Records from a collection
- - - - - - -

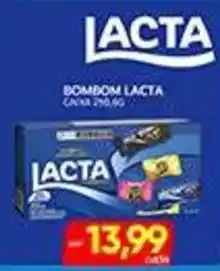 Novo Mix Bom Bom Lacta oferta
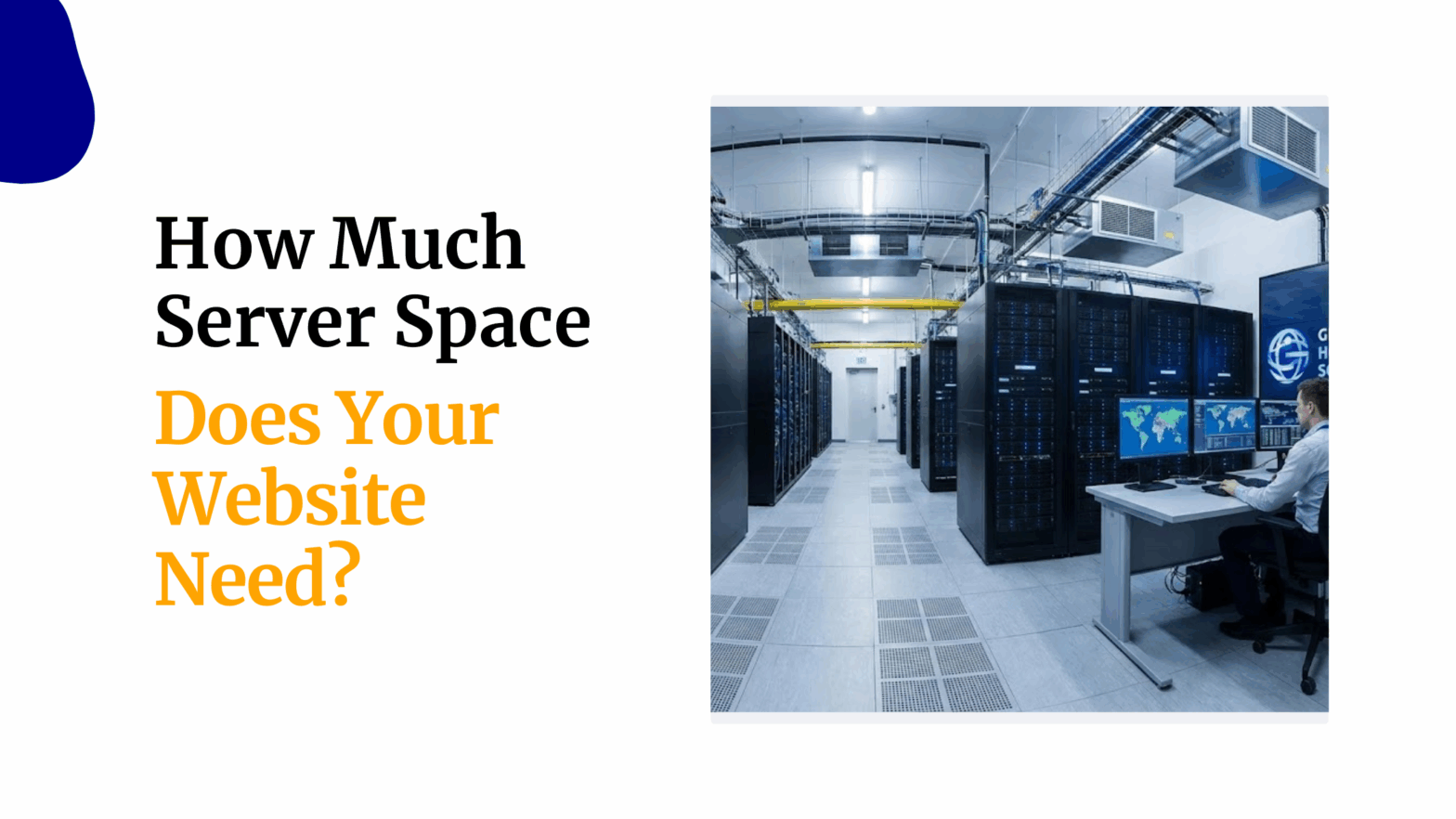 How Much Server Space Does Your Website Need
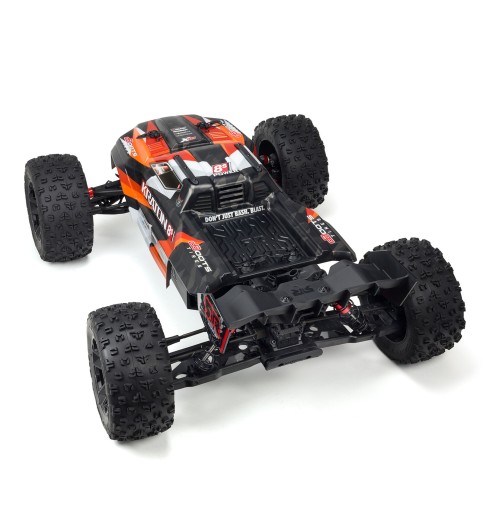 Arrma Kraton 8S BLX Brushless RTR 1/5 4WD Monster Truck (Orange) w/DX3 Radio, Smart ESC & AVC
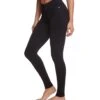 NUX V-Ankle Seamless Yoga Leggings Black -Yoga Alliance 1740192808995 black 2a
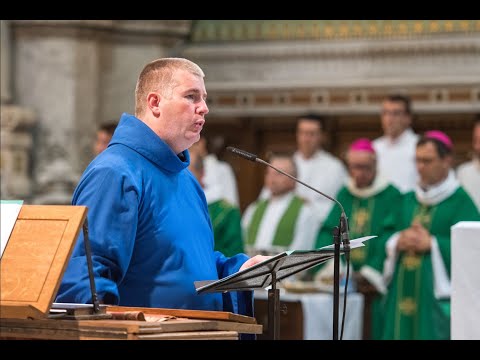 Extrait de la  Messe du 8 Aout 2021, Jour du Seigneur, France 2, animé par VDB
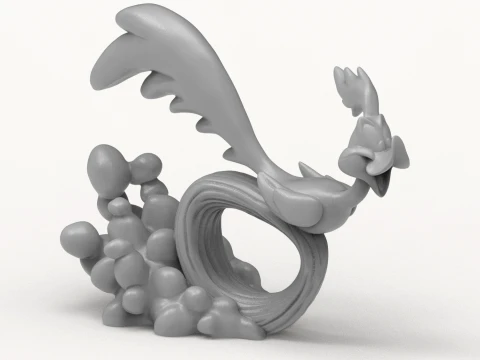 Road Runner 3D Print Model 3D Print Model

- - - - - - -

▶ _ASSIGNMENT_
Please copy the data above exactly, omitting the pictures.

▶ _RESPONSE FOR THIS EXERCISE_
 Novo Mix Bom Bom Lacta oferta
 How Much Server Space Does Your Website Need
 Arrma Kraton 8S BLX Brushless RTR 1/5 4WD Monster Truck (Orange) w/DX3 Radio, Smart ESC & AVC
 NUX V-Ankle Seamless Yoga Leggings Black -Yoga Alliance 1740192808995 black 2a
 Extrait de la  Messe du 8 Aout 2021, Jour du Seigneur, France 2, animé par VDB
 Road Runner 3D Print Model 3D Print Model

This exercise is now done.